Adams, who was with the UN hu­man rights office in Phnom Penh at the time, delivered an hour-long presentation on the fighting at the Himawari Hotel, and said the information he was presenting had been garnered from over 200 interviews with CPP, Funcinpec and diplomatic officials.

According to Adams, there were more than 200 extrajudicial killings in the weeks following the fighting.
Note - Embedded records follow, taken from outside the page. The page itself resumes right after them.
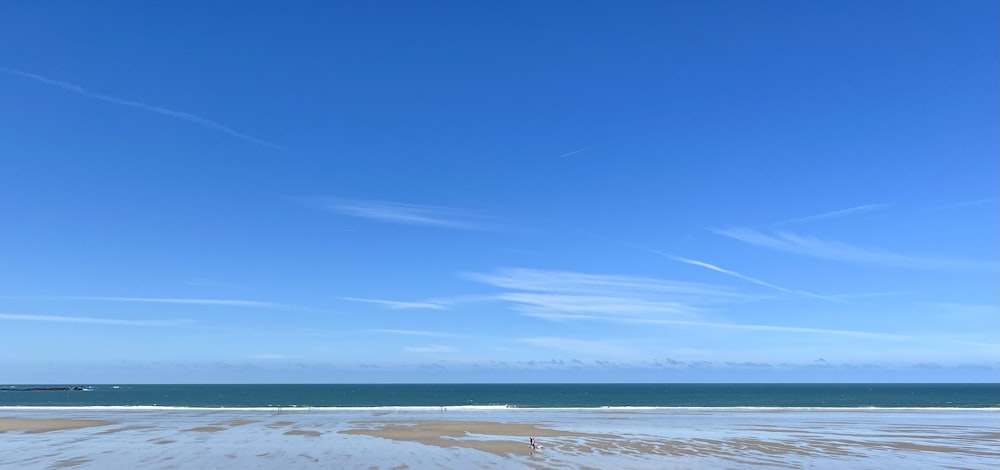 a person walking on a beach carrying a surfboard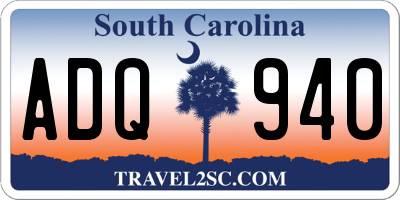 SC license plate ADQ940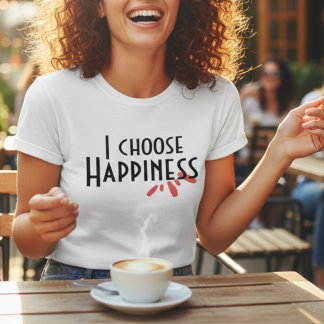 Ich wähle Glück Positive Zitate Minimal Grafik T-Shirt
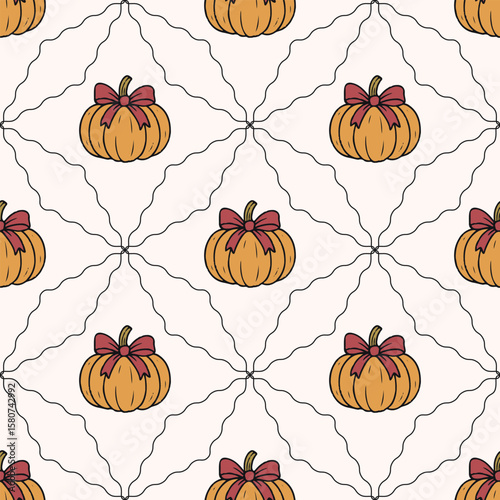 Hand Drawn Pumpkins Seamless Pattern for Fall & Halloween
He also claimed that senior CPP military commanders had told him they had been ordered to round up and execute Funcinpec military commanders in the aftermath of the fighting.

During two days of street battles in Phnom Penh in 1997, forces loyal to then-second Prime Minister Hun Sen routed troops loyal to then-first Prime Minister and Funcinpec President Prince Norodom Rana­riddh.

Adams also took issue with The Cambodia Daily’s use of the term “factional fighting” to describe the violence, saying that it was decidedly a coup, just not a coup by the CPP as a whole.

Many senior CPP officials including party President Chea Sim, In­terior Minister Sar Kheng, Defense Minister Tea Banh and RCAF Com­mander-in-Chief Ke Kim Yan all opposed the fighting and did not take part, Adams said.

“I think it is fair to say that this is a Hun Sen coup and not a CPP coup,” he said.

Adams also chastised the diplomatic community for turning a blind eye to the events of July 1997, especially the extrajudicial killings, saying that there has been a “conscious unwillingness to face the facts on this.”

“When people are taken out, blindfolded, stripped and shot in the head you should be held ac­countable,” he said.

CPP lawmaker Cheam Yeap on Friday denied Adams’ claims, stating that there was no planned coup by Hun Sen or the CPP in July of 1997.

“There was no such plan for a coup,” Cheam Yeap said.

“I am a member of the central committee of the CPP and a member of the permanent central committee of the CPP, and I have never heard that Samdech Hun Sen planned that,” he said.

Information Minister Khieu Kanharith said he was too busy to speak with a reporter.